:: Exercise instructions ::
Leaving all pictures out, output exactly and only the line containing "Hermeneutic (interpretive) Phenomenology" and the lines that follow it to the end of the material below.

:: Extracted entries ::
=====

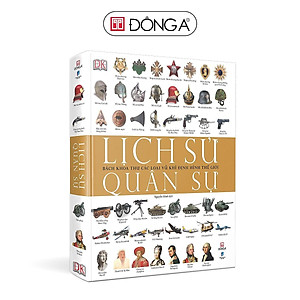 Sách - Lịch Sử Quân Sự - Bách Khoa Thư Các Loại Vũ Khí Định Hình Thế Giới - Đông A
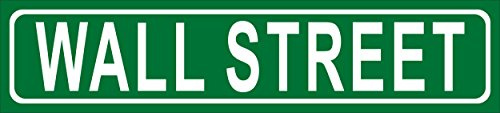 Melis-Folienwerkstatt Schild – Wall Street New York – American Street Sign Amerikanisches Straßenschild – 52x11cm – Bohrlöcher Aufkleber Hartschaum Aluverbund -S00346-013-A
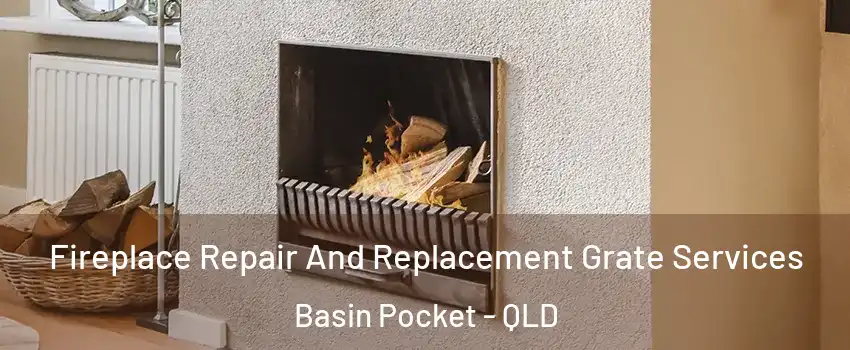 Fireplace Repair And Replacement Grate Services Basin Pocket - QLD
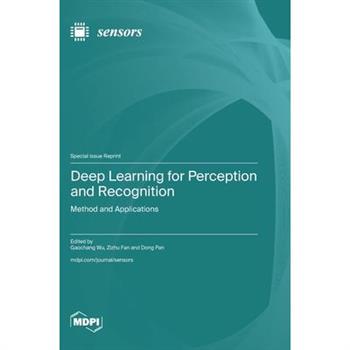 Deep Learning for Perception and Recognition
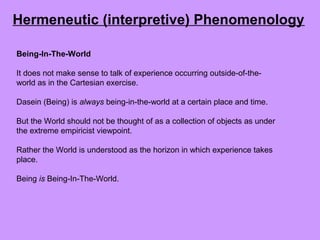 Being-In-The-World
It does not make sense to talk of experience occurring outside-of-the-
world as in the Cartesian exercise.
Dasein (Being) is always being-in-the-world at a certain place and time.
But the World should not be thought of as a collection of objects as under
the extreme empiricist viewpoint.
Rather the World is understood as the horizon in which experience takes
place.
Being is Being-In-The-World.
Hermeneutic (interpretive) Phenomenology
 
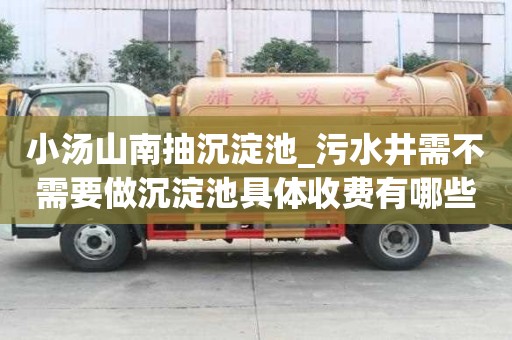 小湯山南抽沉淀池_污水井需不需要做沉淀池具體收費有哪些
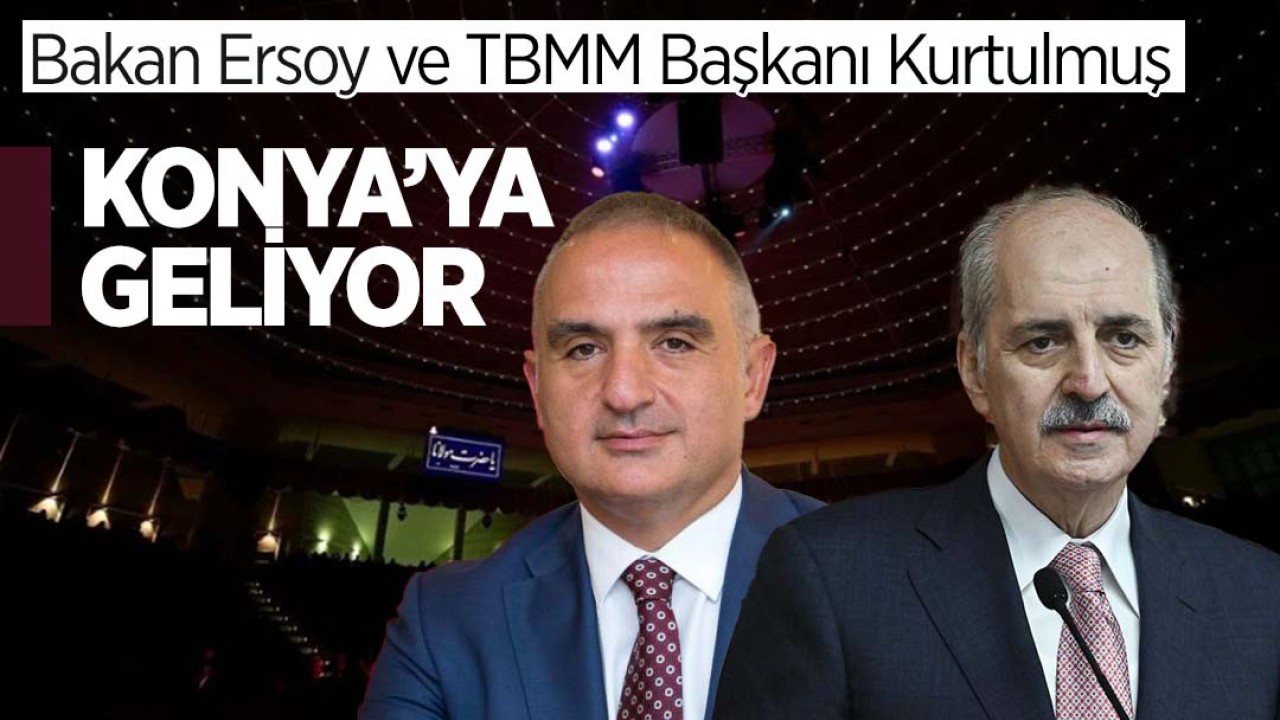 TBMM Başkanı Kurtulmuş ve Bakan Ersoy Konya’ya geliyor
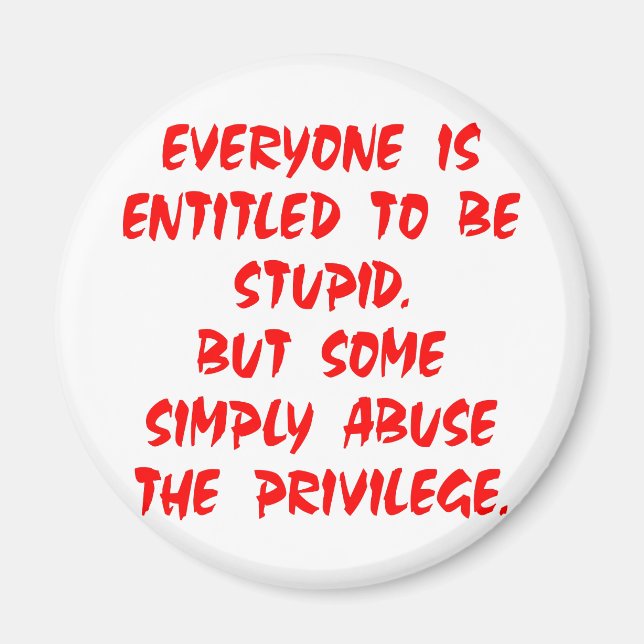Entitled To Be Stupid Some Abuse The Privilege Magnet (Front)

=====

:: Response box ::
Hermeneutic (interpretive) Phenomenology
 
 小湯山南抽沉淀池_污水井需不需要做沉淀池具體收費有哪些
 TBMM Başkanı Kurtulmuş ve Bakan Ersoy Konya’ya geliyor
Entitled To Be Stupid Some Abuse The Privilege Magnet (Front)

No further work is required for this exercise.